Skip to content




PositionalEmbedding module that uses interpolation to generate positional embeddings.


Parameter Description Default
dim Dimension of the model. None
max_positions Maximum length of the input sequence. 2048
base Base value for interpolation. 10000
device Device to use. None


import torch

from zeta.nn import PositionInterpolationEmbeddings

positional_embedding = PositionInterpolationEmbeddings(512, 1000)
x = torch.randn(32, 100, 512)
positions = torch.arange(100)
embedded_tensor = positional_embedding(x, positions)


The PositionInterpolationEmbeddings class is used to generate positional embeddings for input sequences using interpolation. It is often used in neural network models for natural language processing tasks.


  • dim (int, optional): Dimension of the model. This parameter specifies the dimension of the positional embeddings. Defaults to None.

  • max_positions (int, optional): Maximum length of the input sequence. This parameter determines the maximum number of positions for which positional embeddings will be generated. Defaults to 2048.

  • base (int, optional): Base value for interpolation. This parameter controls the interpolation behavior for generating positional embeddings. Defaults to 10000.

  • device (str or torch.device, optional): Device to use for computation. This parameter specifies the device on which the positional embeddings will be computed.
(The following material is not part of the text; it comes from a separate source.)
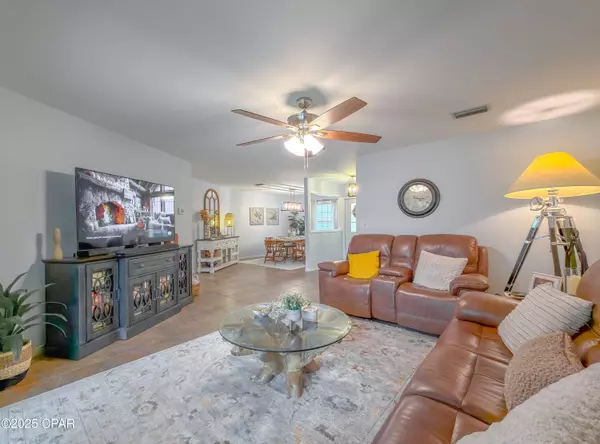 5091 Lake Bluff CIR, Marianna, FL 32446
Defaults to None.


positional_embedding = PositionInterpolationEmbeddings(512, 1000)
x = torch.randn(32, 100, 512)
positions = torch.arange(100)
embedded_tensor = positional_embedding(x, positions)

In this example, a PositionInterpolationEmbeddings instance is created with a dimension of 512 and a maximum position of 1000. The x tensor represents input data of shape (32, 100, 512), and positions is a tensor containing position indices. The embedded_tensor will contain positional embeddings for the input data.

For more details on the usage of this module, refer to the example provided.


forward(x, seq_len=None)

Generate positional embeddings for the input data.

  • x (Tensor): Input data of shape (batch_size, sequence_length, dimension).

  • seq_len (int, optional): Length of the input sequence. This parameter can be used to specify the length of the sequence for which positional embeddings should be generated. If not provided, the maximum length specified during initialization is used.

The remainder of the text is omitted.